**Activity**
Repeat, exactly as written, all of the entries, but not their pictures.
** Supplied records follows **
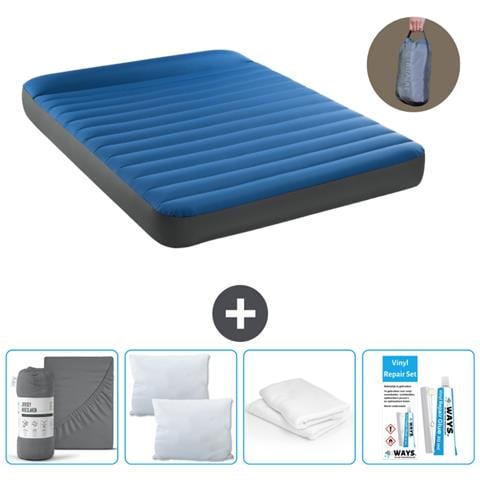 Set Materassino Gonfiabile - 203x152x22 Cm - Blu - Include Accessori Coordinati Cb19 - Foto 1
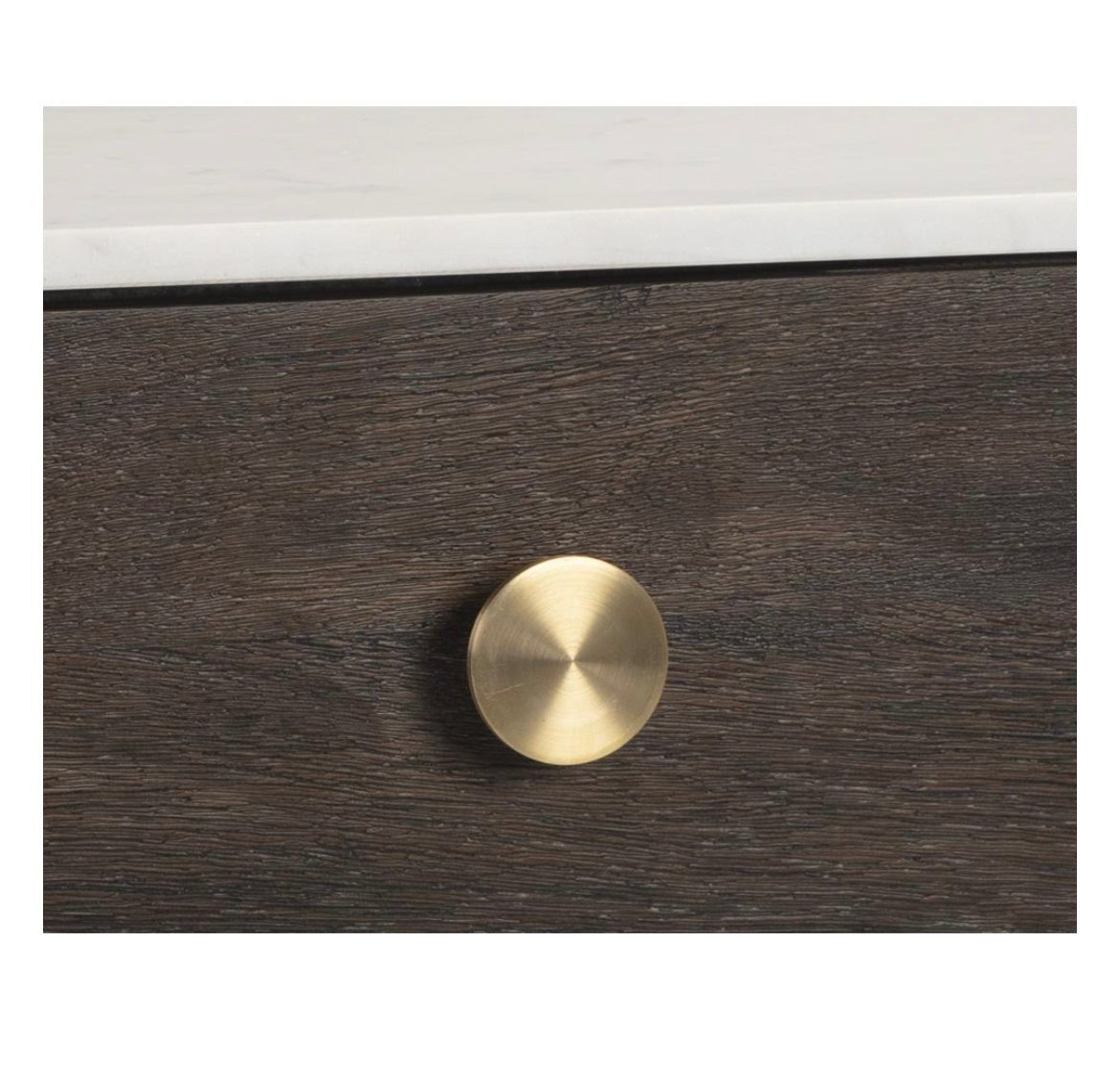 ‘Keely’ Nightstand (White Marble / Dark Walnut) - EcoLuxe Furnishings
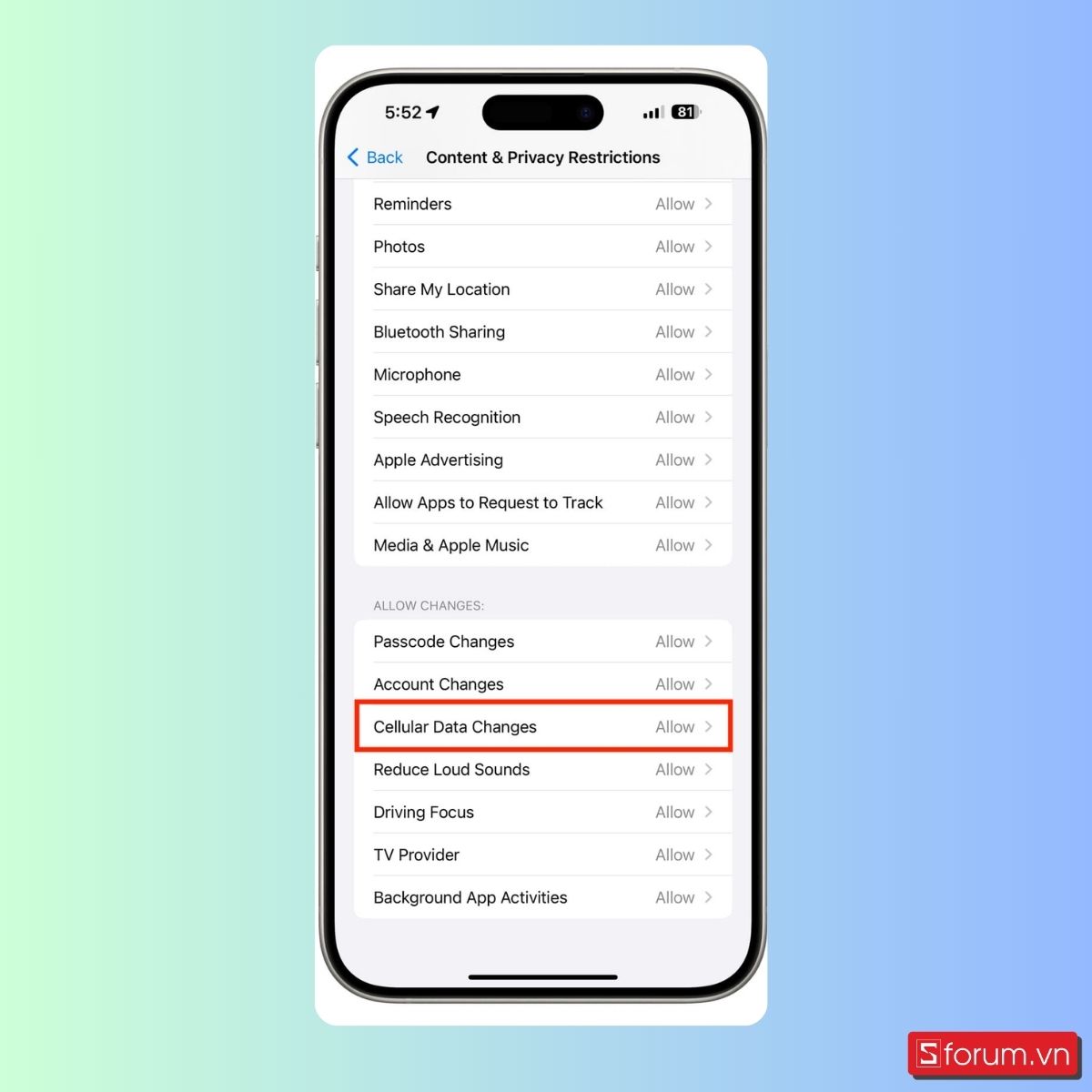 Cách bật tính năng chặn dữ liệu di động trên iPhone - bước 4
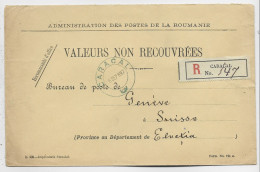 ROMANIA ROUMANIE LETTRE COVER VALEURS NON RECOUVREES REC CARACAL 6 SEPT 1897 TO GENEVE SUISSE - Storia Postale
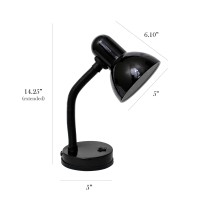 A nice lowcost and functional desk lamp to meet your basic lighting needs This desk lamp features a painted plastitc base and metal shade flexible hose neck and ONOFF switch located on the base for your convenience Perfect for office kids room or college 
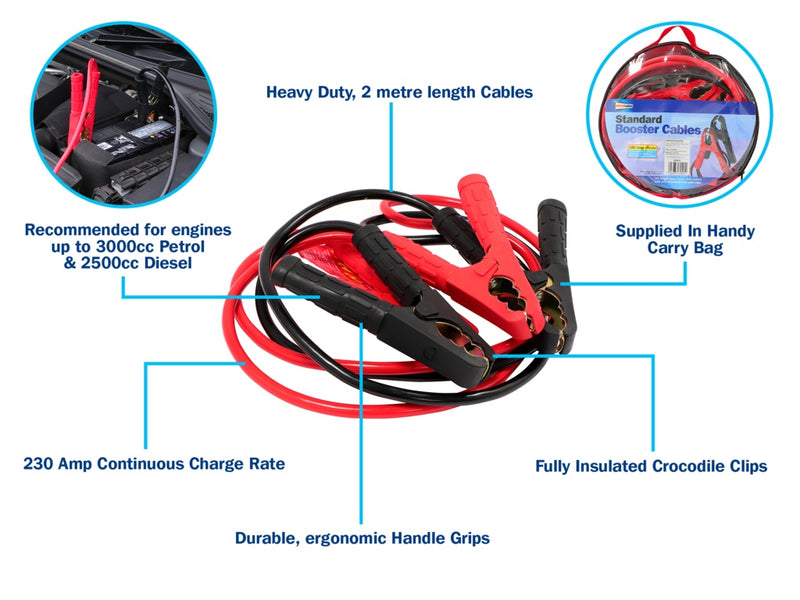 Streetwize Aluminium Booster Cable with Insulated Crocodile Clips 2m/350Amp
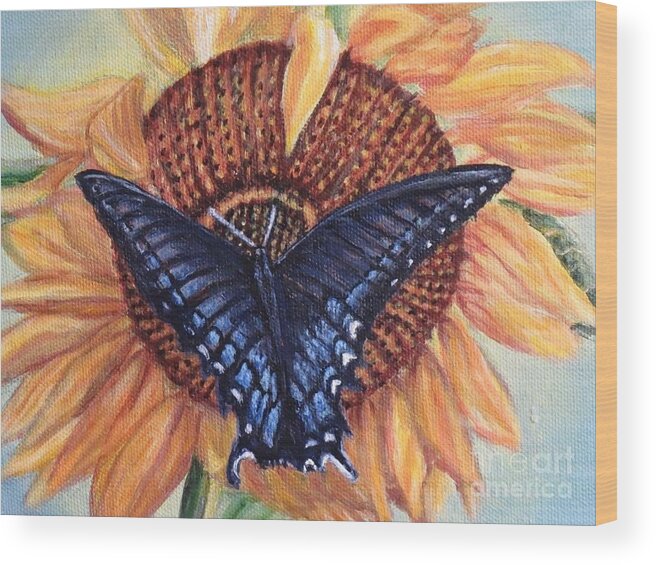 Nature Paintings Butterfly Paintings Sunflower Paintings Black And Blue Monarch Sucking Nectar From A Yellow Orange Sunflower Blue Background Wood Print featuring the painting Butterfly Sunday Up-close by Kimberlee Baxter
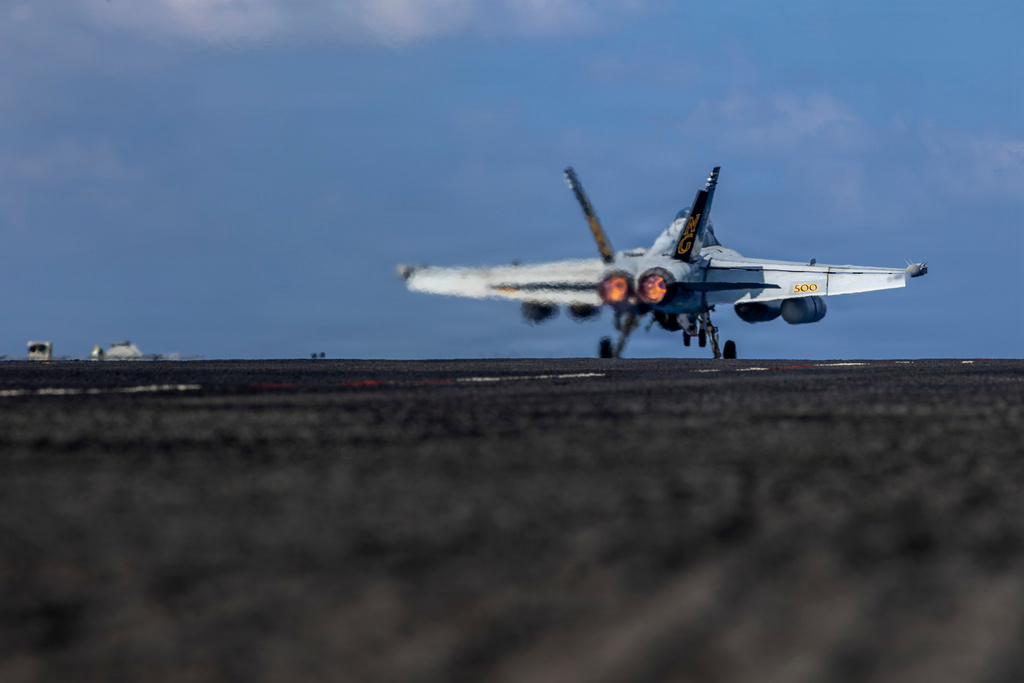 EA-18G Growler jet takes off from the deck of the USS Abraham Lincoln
** End of Supplied records **
**Result for this task**
 Set Materassino Gonfiabile - 203x152x22 Cm - Blu - Include Accessori Coordinati Cb19 - Foto 1
 ‘Keely’ Nightstand (White Marble / Dark Walnut) - EcoLuxe Furnishings
 Cách bật tính năng chặn dữ liệu di động trên iPhone - bước 4
 ROMANIA ROUMANIE LETTRE COVER VALEURS NON RECOUVREES REC CARACAL 6 SEPT 1897 TO GENEVE SUISSE - Storia Postale
 A nice lowcost and functional desk lamp to meet your basic lighting needs This desk lamp features a painted plastitc base and metal shade flexible hose neck and ONOFF switch located on the base for your convenience Perfect for office kids room or college 
 Streetwize Aluminium Booster Cable with Insulated Crocodile Clips 2m/350Amp
 Nature Paintings Butterfly Paintings Sunflower Paintings Black And Blue Monarch Sucking Nectar From A Yellow Orange Sunflower Blue Background Wood Print featuring the painting Butterfly Sunday Up-close by Kimberlee Baxter
 EA-18G Growler jet takes off from the deck of the USS Abraham Lincoln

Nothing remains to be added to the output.